Come on, use your head buddy.
Computers can't do creativity, because they can only perform a limited number of options. For flexibility, creativity, and roleplaying, you cannot substitute for a real live DM.
I would certainly agree with this. I have been playing DnD since the 1970s.
Further, since it is not DnD, adapting the magic systems so that players could effect their element or effect of choice in the expression of a spells effect should not have been a problem. As they are apparently making up spells and systemic effects anyway, they might as well have done something that would be both functional and expressive. IE. Positive/Divine Energy expressed in blue/white fire, Negative in purple/black fire, Flame as red fire, Earth as crystal fire, etc. The spell effect would be the same, but the skin would have been different. And this isn't house rules in AD&D 3.5, you can make your own spell effects using the base stats of other spells. Simply put, no one has bothered to provide players a simple set of options. Apparently, AD&D 4.0 was designed for those with less imagination to put into role play and more interest in mashing keys for pathetic status. I understood from the get-go that 4.0 was created to make programmers happy at the expense of the game, and this is now obvious.

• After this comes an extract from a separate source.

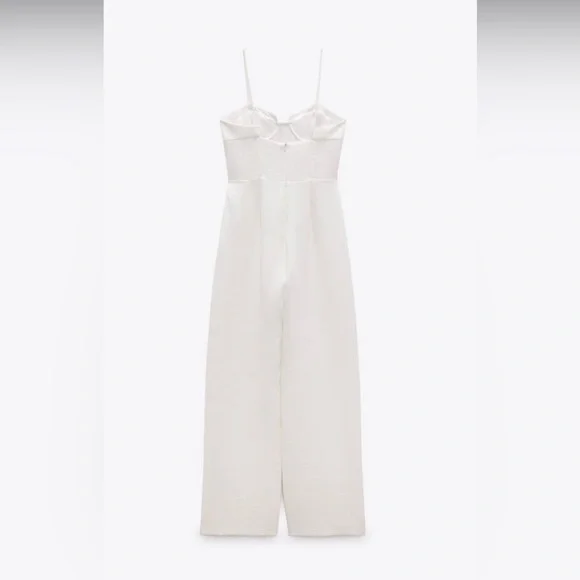 ZARA WIDE LEG PALAZZO CORSETRY INSPIRED JUMPSUIT CORSET LIKE  WHITE XS - Picture 4 of 5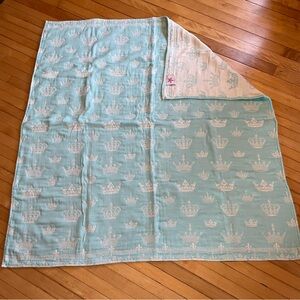 KOKADI Woven 4 Layer Gauze Cotton Bamboo Crown Print Aqua White Swaddle Handmade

As it stands, the mage class is barely worth playing because of its incredible limitations. The whole system is so devoted to limitations rather than versatility as to make it undesirable. The Devoted Cleric is more of a mage than the mage class, and is a poor excuse for a healer. The tanks are tolerable, but equally limited. The rogue class is a glass cannon without any glass, but amusing non-the-less. And the ranged class isn't at all. We have nature kits, but no nature classes. The pantheons seem to have been massively massacred.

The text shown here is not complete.